The short answer = yes.
Long answer = you need to price high per unit for any online launch because online purchases of new brands constitute specialty purchasing. Consumers view direct-to-consumer websites right now as specialty retail outlets. The reason for this is that this is the precedent that was set up in the beauty industry 25 years ago, and by certain other categories, like chocolate retail outlets like Lindt. These chains and brands have created a cultural assumption that brands that run a retail site or have a retail presence, whether it’s online on my screen or 3D in the shopping mall, are high-end luxury premium brands. That’s the assumption we’re making when we go to a branded website to buy something direct.
The consumers who seek out DTC goods are therefore not very price-sensitive.
And these are the only consumers you want initially to run a cash-efficient business.
I talk about a data-science-driven range of 50% to 200% over brick and mortar retail category average unit pricing in my book. This is the sweet spot for pricing, and it gives you a nice range to work with in terms of pricing very high initially online. And you should push the limits of sanity with online launch pricing.
Primarily, you want to build the early business on the wallets of price-insensitive consumers most likely to repeat habitually. So, you have very little to lose by overpricing the market on your DTC because it’s so easy for you to change the price in five and 25-cent increments and see what happens after three months. Online selling allows rigorous, free pricing experimentation. If you have the budget for paid ads, see what happens to the paid ad ROAS when you start moving that price down in increments.
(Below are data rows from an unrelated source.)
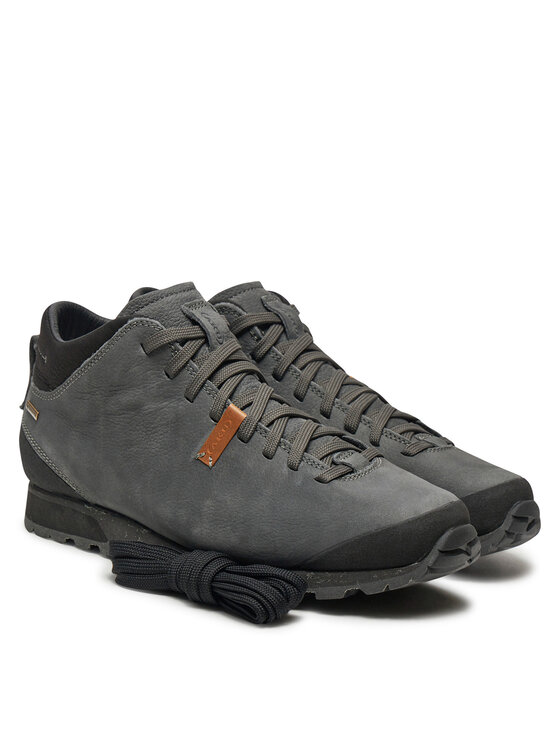 Aku Aku Schnürstiefeletten Bellamont 3 Nbk M.Gt GORE-TEX 527 Grau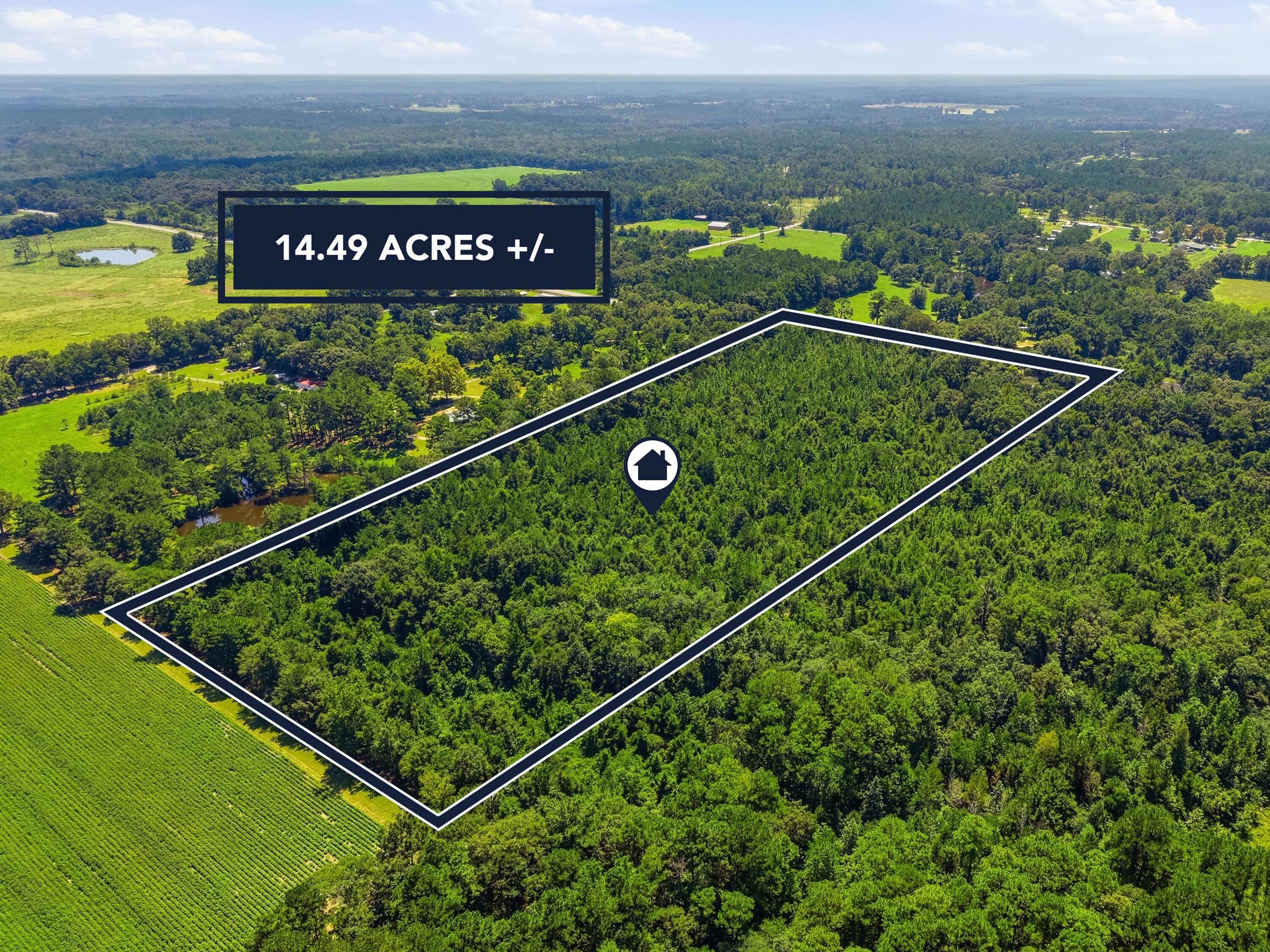 Wooded 14.49 acre Retreat in Laurel Hill! Discover the possibilities with this beautiful wooded parcel in Laurel Hill, FL. Surrounded by mature trees and natural privacy, this property offers a peaceful setting for your future home, homestead, or investment. The property is accessed by a shared driveway, with power available at the boundary line. Enjoy the quiet, rural feel of Laurel Hill while creating a space that fits your vision. Located 5 minutes away from The Grill, gas stations and general store. Less than 10 minutes from beautiful Lake Jackson. Buyer to verify all utilities, zoning, access, and intended use.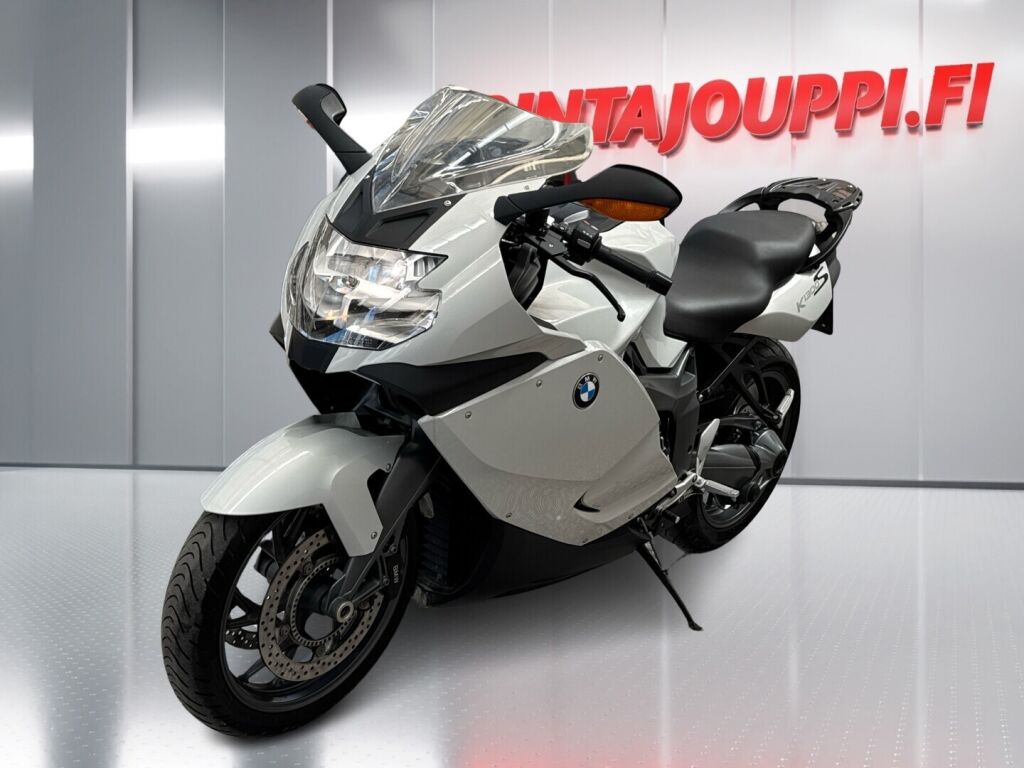 BMW K 2010 Valkoinen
So price super high on DTC and experiment. Remember, it doesn’t take many users who are perfectly selected and become repeat buyers of a DTC business to create a million dollars of trailing annual revenue. It just doesn’t take a lot of people.
But there’s another reason to price high for an online launch. You will most likely need to use 3P distributors to get to high-value brick chains in the future. Even though it’s becoming possible to get to Phase 2 online and then jump to Target or Costco/specialty and scale from there, you can’t necessarily rely on being able to sell ONLY to direct ship retailers when you head into brick retail.
So, you need to price high enough early on in the life of the business to allow for margin compression when entering third-P brick distribution. Otherwise, you will see your wholesale price collapse when servicing 3P distribution retail outlets. You could literally end up making 5, 10, 20 cents per unit max, which is simply not viable without massive amounts of funding.
Price high. Be brave. You can always lower it later.